The other members of the panel are unwilling to view this appeal as presenting an issue of “substantial compliance” because the parties did not argue it on that basis. Majority opinion, ante, n. 22. The students’ brief in the district court, however, comes close to doing so. (“The only relevant inquiry is whether the defendants already have information concerning these plaintiffs that they could rely upon in lieu of requiring submittal of the Statement.” App. at 153; emphasis is in original.) And, we discussed the matter with counsel at oral argument. See majority opinion, ante, n. 4. See also Doe v.

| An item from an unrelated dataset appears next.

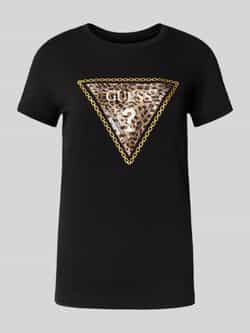 Guess Triangle Leo T-Shirt Herfst Winter Collectie Black Dames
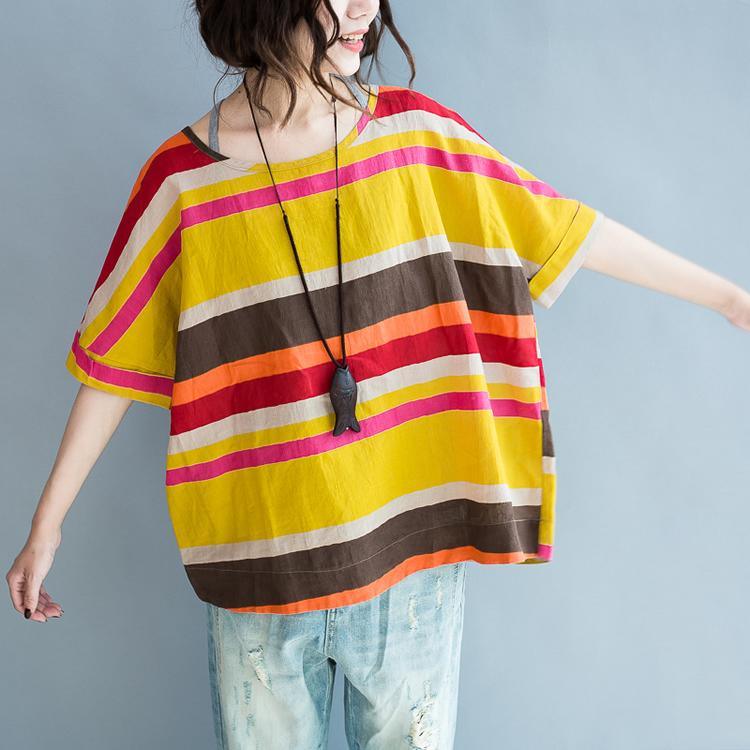 The rainbow linen blouses yellow striped plus size linen tops shirts - Omychic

Anrig, 728 F.2d 30, 32 (1st Cir.1984) (“We are, of course, free *650to affirm a district court’s decision ‘on any ground supported by the record even if the issue was not pleaded, tried, or otherwise referred to in the proceedings below.’ ”). In any event, I would not allow the parties, through their choice of arguments, to force this court unnecessarily to decide a broader constitutional question than the facts require. If necessary, we should call for reargument or remand the case to the district court for further consideration of the point. Cf Massachusetts v. Westcott, 431 U.S. 322, 97 S.Ct. 1755, 52 L.Ed.2d 349 (1976) (per curiam). In the absence of any such further reconsideration, and particularly in light of the First Amendment considerations raised, I would find that the appellees have substantially complied with the agency’s rules and therefore require the government to grant them the financial assistance they seek.